Construye, no reconstruye, pues el prefijo privaría de sentido a su proceder. Precisamente en esa edificación, que no se hace por imitación al original o utiliza sus despojos para volver a levantarlo, está el auténtico quid de la cuestión.
Pensar, como digo, en las apariencias (todos los personajes muestran una cara y esconden otra), pensar en una gran utopía (el anhelo de que el cine signifique algo importante para la gente, no sólo para los cinéfilos), pensar, inevitablemente, en el mismo cine.
Un tipo, quizá no muy cuerdo, sacado de la cárcel por Kiarostami, aturdido y con esa extraña calma de los "culpables", resulta, en medio de esta disquisición a la que a veces es ajeno, una de las más inolvidables y emotivas corporeizaciones del creador cinematográfico.
Humildemente encomendado a un amigo, Mohsen Makhmalbaf, el propio Kiarostami jamás enarbolaría tal bandera. 
"Un cineasta es también un actor" dice el malogrado Hossain Sabzian al juez, que se interesa por su caso pero no acierta a explicarse por qué es la parte menos vistosa del oficio la que le obsesionó. Según lo movilizado que quede con sus palabras, se convertirá, sin saberlo, en espectador o en actor.

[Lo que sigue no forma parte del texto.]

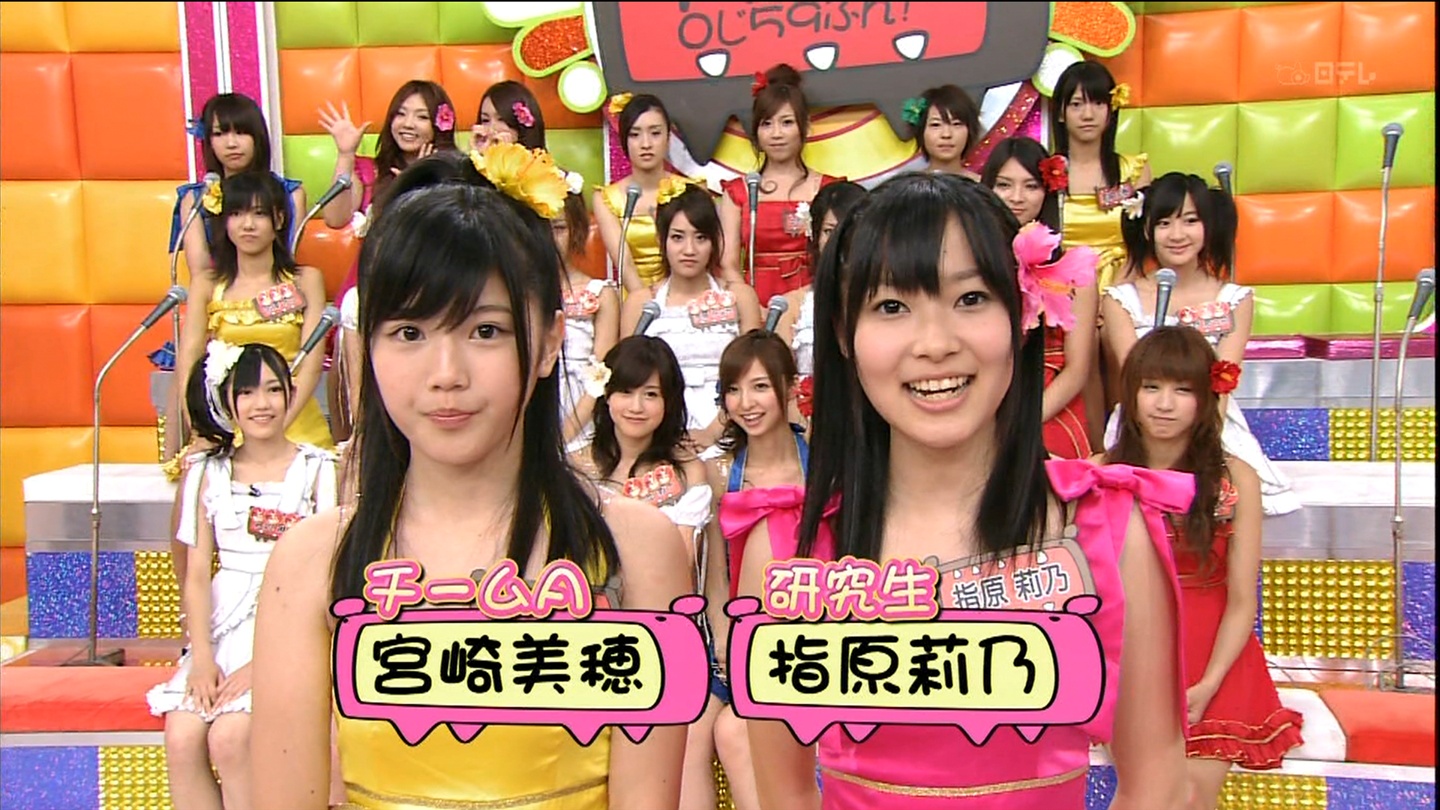 Akb48タイムズ Akb48まとめ Akb48 宮崎美穂は痩せればまだいけるっていう風潮 Livedoor Blog ブログ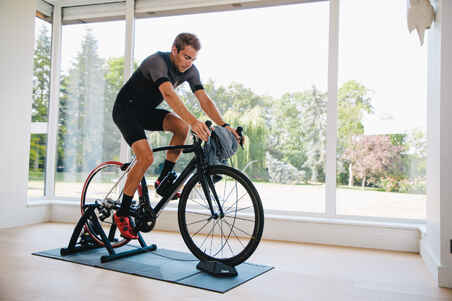 700x25 Home Trainer Tyre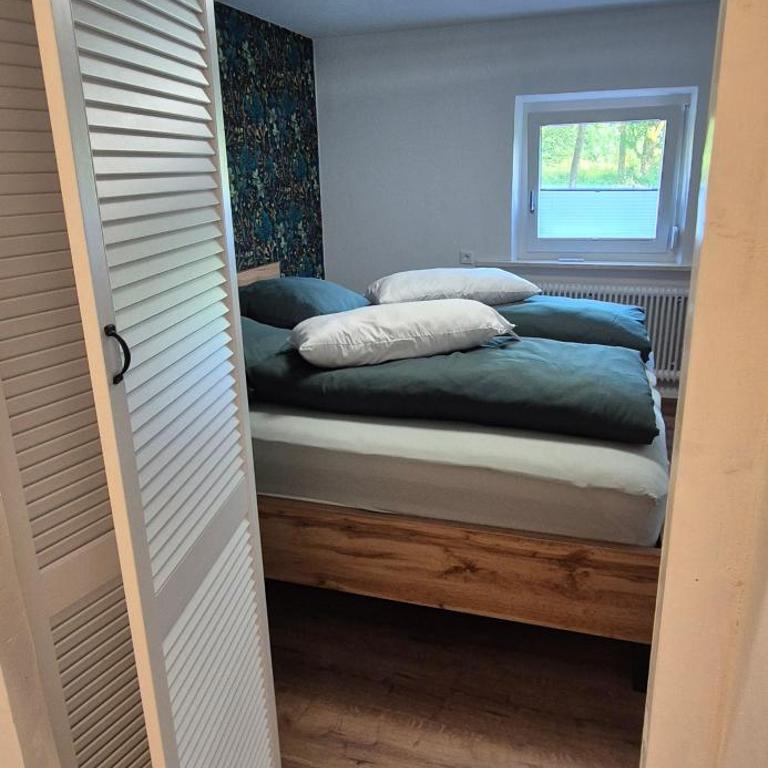 Bergzeit Bad Reichenhall - Deluxe-Apartment mit 2 Schlafzimmern und Gartenblick - 17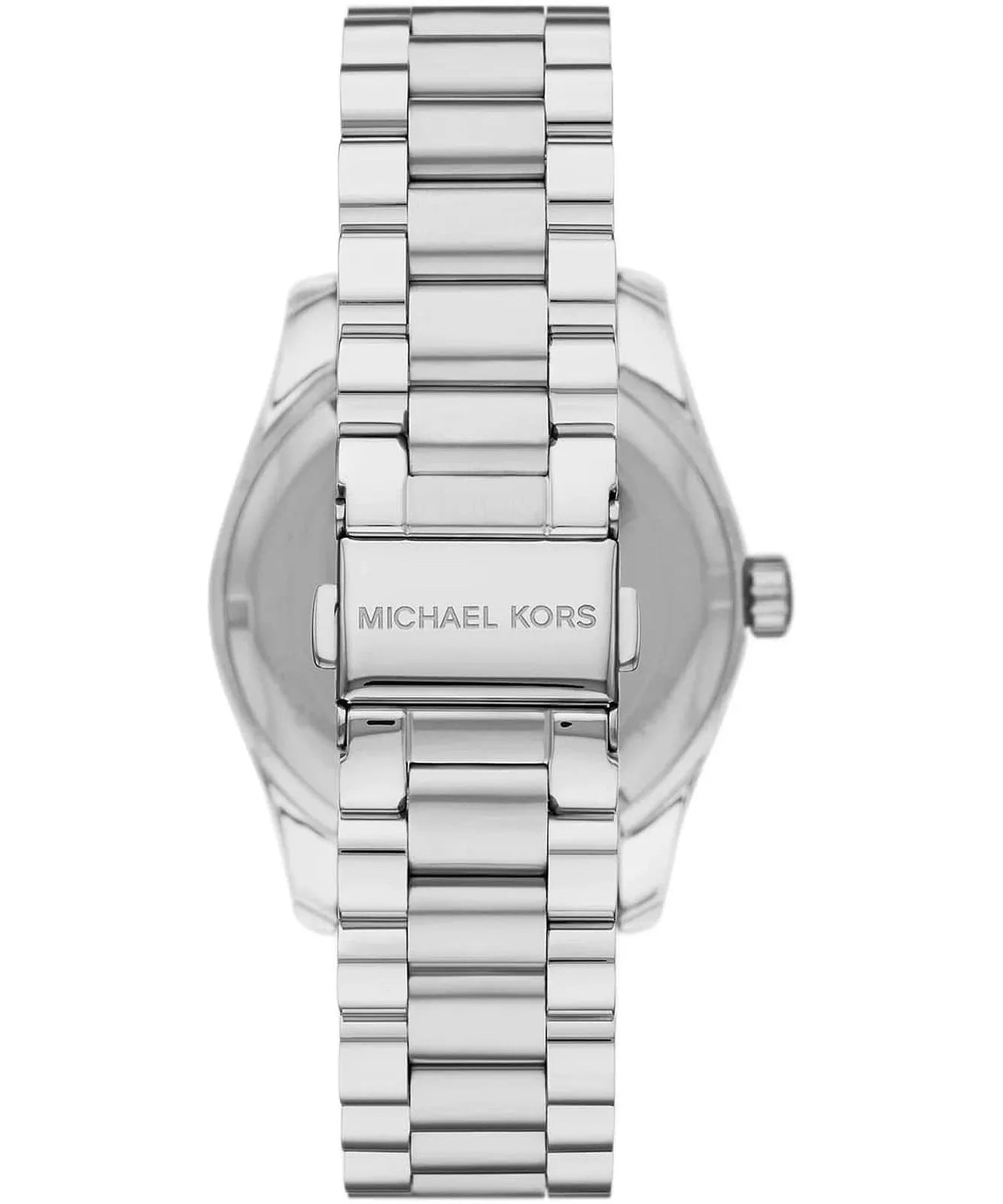 Michael Kors MK1087SET gift set with matching bracelet and earrings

Ese tipo de conversión o transformación según la implicación es la única que podemos encontrar en el cine de Kiarostami, singularmente laico y nada proselitista.
Todos, todos y cada uno de los que aparecen haciendo de ellos mismos, se convierten en actores al mismo tiempo que la realidad se torna ficción en cuanto Abbas ha precisado la distancia correcta. La suya, que es la misma distancia del espectador, porque él es el primero que mira a su propio film, el primer interesado en comprender.
Esa mirada puede armarse sobre una coreografía exacta (la prodigiosa escena en que detienen a Sabzian en la casa, que pudiera haber estado en "Topaz"), sobre una textura rugosa y difusa (la escena, real, en que se encuentran Sabzian y Makhmalbaf, hábilmente elíptica y secreta por el uso del teleobjetivo y la simulación de un problema de sonido: lo que se tienen que decir debe quedar en buena medida entre ellos*) o sobre una perspectiva múltiple (de nuevo, la estancia en la casa, que vemos dos veces, desde fuera y desde dentro).
Toda esta exuberancia acude a Kiarostami cuando empieza a abordar la juventud y la madurez de sus personajes, una vez explorada a fondo la niñez, a la que volverá.
Sobre las "edades del hombre" da vueltas sin cesar su cine, geográficamente siempre estrecho, acontezca donde acontezca la acción. Ahora con "Like someone in love" ha llegado a la vejez, pero parece difícil que se quede ahí.
Sin ser tan sistemático y quizá mucho menos ambicioso que Roberto Rossellini - del que recordaba Truffaut en la introducción del libro escrito por José Luis Guarner, que pasó de filmar islas y ciudades a países, luego continentes y hasta periodos históricos muy amplios - parecido espíritu los impulsa.
* Es divertido que en IMDB y en varias páginas web copiadas en cadena de ahí probablemente, ¡aparece  la foto de Sabzian donde debía estar la de Makhmalbaf!